Today I participated in a webinar hosted by ACEDS and conducted Thomas Gricks and Jermey Pickens of Catalyst, entitled, Just Say No to Family Batching in Technology-Assisted Review. Gricks and Pickens are the author, along with Andrew Bye, of a paper entitled, Break up the Family: Protocols for Efficient Recall-Oriented Retrieval Under Legally-Necessitated Dual Constraints. Gricks, et al. challenge the standard notion that since families of documents are produced together they should also be reviewed together. The authors advocate a 'broken family' review protocol, and 'dual phase workflow' with an initial expedited review for relevancy.
TAR algorithms will be more effective when trained with individual documents rather than complete families. Catalyst employed a continuous active learning protocol. A Full Family continuous active learning protocol will pull all documents in a family into the review queue irrespective of whether or not they are highly ranked. This is the approach favored by most attorneys.
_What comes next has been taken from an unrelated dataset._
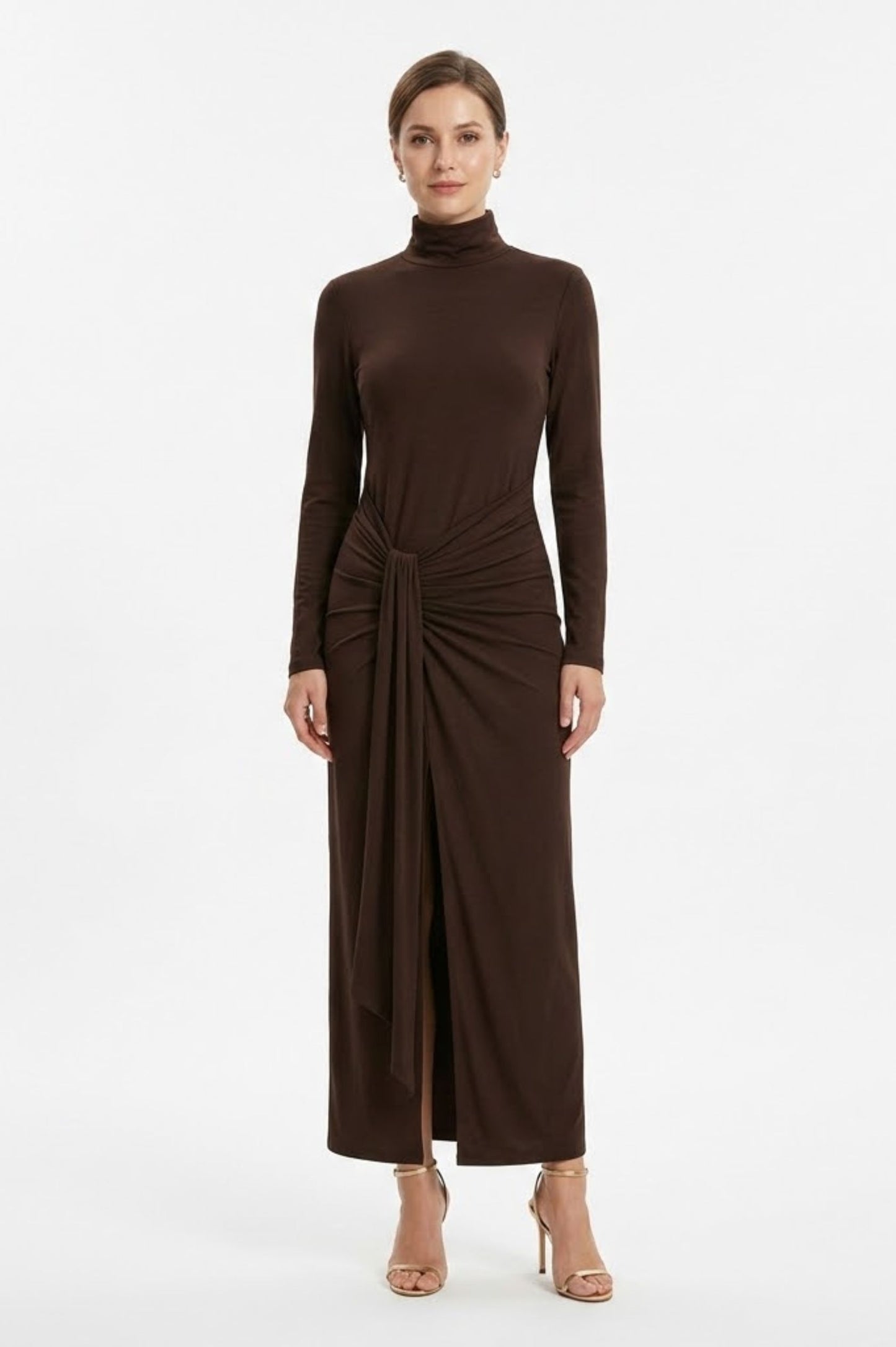 Robe Longue Moulante à Col Montant avec Fronces et Fente Latérale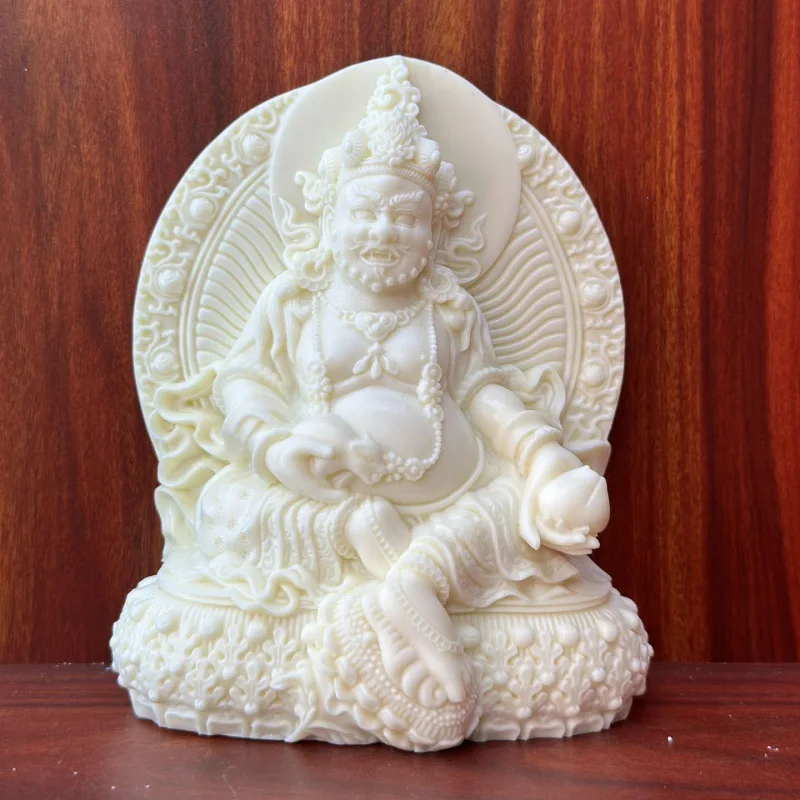 

Ivory Nut Carved Yellow God of Wealth13.6*11.5*5.5cmHome Desktop Wooden Craftwork Crafts Ornaments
In a Positive Family protocol any time one relevant document from a family is found to be relevant, any documents from the same family found to be non-relevant are not re-reviewed.
In an Individual Padded continuous active learning protocol, once a relevancy level is determined for any one document in a family, the rest of the documents in the family are added to the review queue.
Catalyst got results from eight different e-discovery projects. Its study shows how much additional review is needed to achieve recall rates of 75% or 90%. Positive Family and Individual Padded continuous active learning are shown to be clearly more efficient than Full Family review.
Phased continuous active learning involves reviewing documents first only for relevance, and removing the entire family from the queue when any one document has been determined to be relevant. In the second phase every document family with a relevant document is reviewed for both relevancy and privilege This approach is superior to both Full Family and Individual Padded continuous active learning.